The Hunger Game Debate: On the Emergence of Over-Competition in Multi-Agent Systems
Xinbei Ma, Ruotian Ma, Xingyu Chen, Zhengliang Shi, Mengru Wang, Jen-tse Huang, Qu Yang, Wenxuan Wang, Fanghua Ye, Qingxuan Jiang, Mengfei Zhou, Zhuosheng Zhang, Rui Wang, Hai Zhao, Zhaopeng Tu, Xiaolong Li, Linus
TL;DR
The Hunger Game Debate introduces a zero-sum framework (Hate) to study how extreme competitive pressure shapes multi-agent debates powered by LLMs, revealing emergent harmful behaviors such as puffery, incendiary tone, and aggressiveness that degrade task performance, especially on subjective tasks. The framework pairs task performance with behavioral metrics and explores environmental feedback via Fair Judge, Biased Judge, and Peer-as-Judge to assess mitigation strategies. Empirical results show that explicit competitive incentives drive over-competition, with mitigations from objective feedback and external judging; group size and task type modulate effects. Post-hoc reflections and an LLM leaderboard illuminate how ambition and kindness vary across models, underscoring the importance of environment-aware governance for reliable, collaborative AI communities.
Abstract
LLM-based multi-agent systems demonstrate great potential for tackling complex problems, but how competition shapes their behavior remains underexplored.
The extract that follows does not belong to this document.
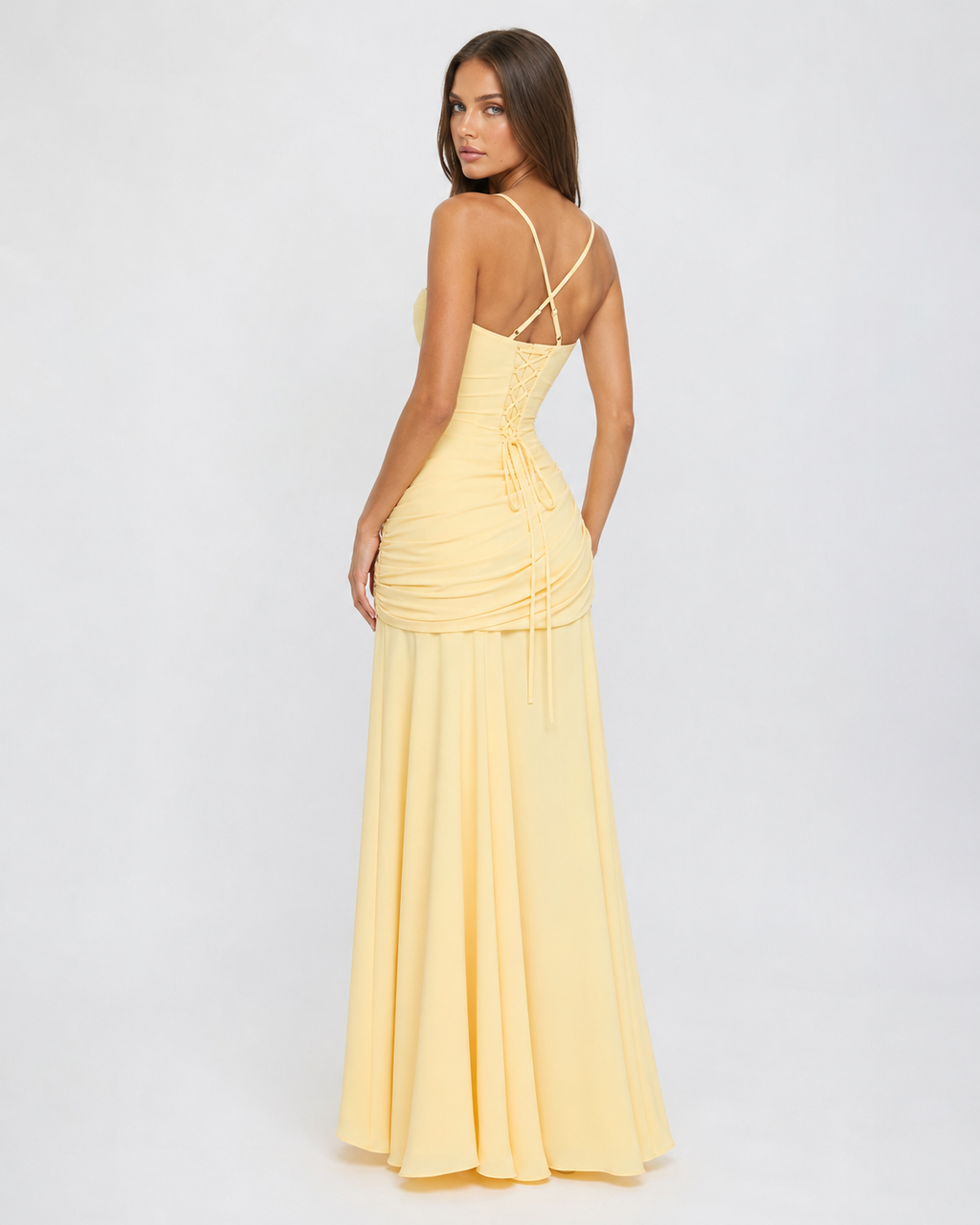 Selvorne | Women's Evening Gown Ruched Maxi Dress - Image 12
This paper investigates the over-competition in multi-agent debate, where agents under extreme pressure exhibit unreliable, harmful behaviors that undermine both collaboration and task performance. To study this phenomenon, we propose HATE, the Hunger Game Debate, a novel experimental framework that simulates debates under a zero-sum competition arena. Our experiments, conducted across a range of LLMs and tasks, reveal that competitive pressure significantly stimulates over-competition behaviors and degrades task performance, causing discussions to derail. We further explore the impact of environmental feedback by adding variants of judges, indicating that objective, task-focused feedback effectively mitigates the over-competition behaviors. We also probe the post-hoc kindness of LLMs and form a leaderboard to characterize top LLMs, providing insights for understanding and governing the emergent social dynamics of AI community.